Was haben eine analoge Fotografie, ein Fingerabdruck und ein DNA-Profil, der sogenannte genetische Fingerabdruck, gemeinsam? Erstaunlich viel, wird man feststellen. Zum Beispiel können alle drei zu erkennungsdienstlichen Zwecken verwendet werden oder als Beweis in einem Gerichtsverfahren. Damit gehören sie aus semiotischer – also zeichentheoretischer – Sicht zur Kategorie des Index (lateinisch: Zeigefinger). Indizes sind nach Charles Sanders Peirce Zeichen, die im Sinne einer Spur in physischer Verbindung zu dem stehen, worauf sie verweisen. Wenn der Fotograf auf den Auslöser drückt, schreibt sich sein Motiv in das fotosensible Material ein. Der beispielsweise bei der Polizei zu Identifizierende drückt selbst – nämlich seinen Finger, zuerst in die Tinte, dann auf Papier, wobei die Linien seiner Haut schwarz auf weiß zurück bleiben. Und der genetische Fingerabdruck? Nun, die begriffliche Nähe täuscht ein wenig über das höchst komplexe Verfahren hinweg, mit dem die Wissenschaft molekulares Material zur Visualisierung bringt. Doch vielleicht ist es grade diese Komplexität, die uns glauben lässt, die DNA sei das zuverlässigste Mittel zur eindeutigen Identifikation der Person, deren physisches Material vorliegt.
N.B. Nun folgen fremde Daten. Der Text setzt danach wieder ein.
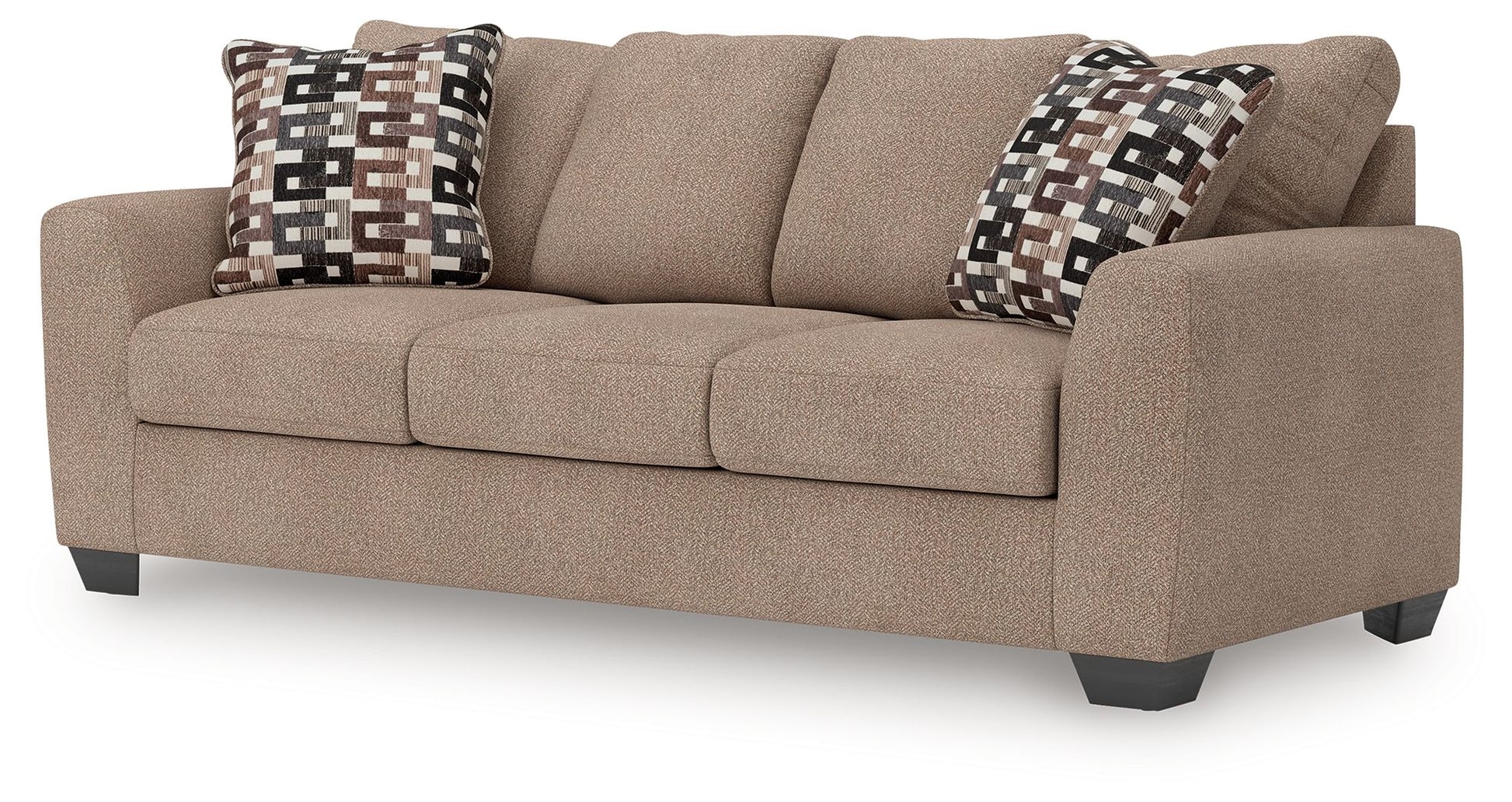 Triston-Peaks - Sofa - Suede - Best Buy Furniture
Paul Venouse stellt bei der transmediale.11 seine Installation „Latent Figure Protocol“ aus. Um seine bioartistischen Experimente ging es in der Diskussion „Fingerprints? Identity, Indexicality and Biomedia“ im Rahmen der „Body:Response“-Konferenz. Was ist „Latent Figure Protocol“? Zwei Kameras filmen zwei Glasträger mit DNA-Markern. Zwei Beamer werfen die Kamerabilder an die Wand und zeigen völlig unerwartete Bilder. An Stelle der aus Film und Fernsehen bekannten, rätselhaft einzigartigen Codes, zeigen die DNA-Sequenzen verblüffend vertraute Symbole: eine liegende Acht und ein © für Copyright. Es gibt andere Versionen der Installation, in denen sich beispielsweise ein Totenkopf oder ein Smiley abzeichnen.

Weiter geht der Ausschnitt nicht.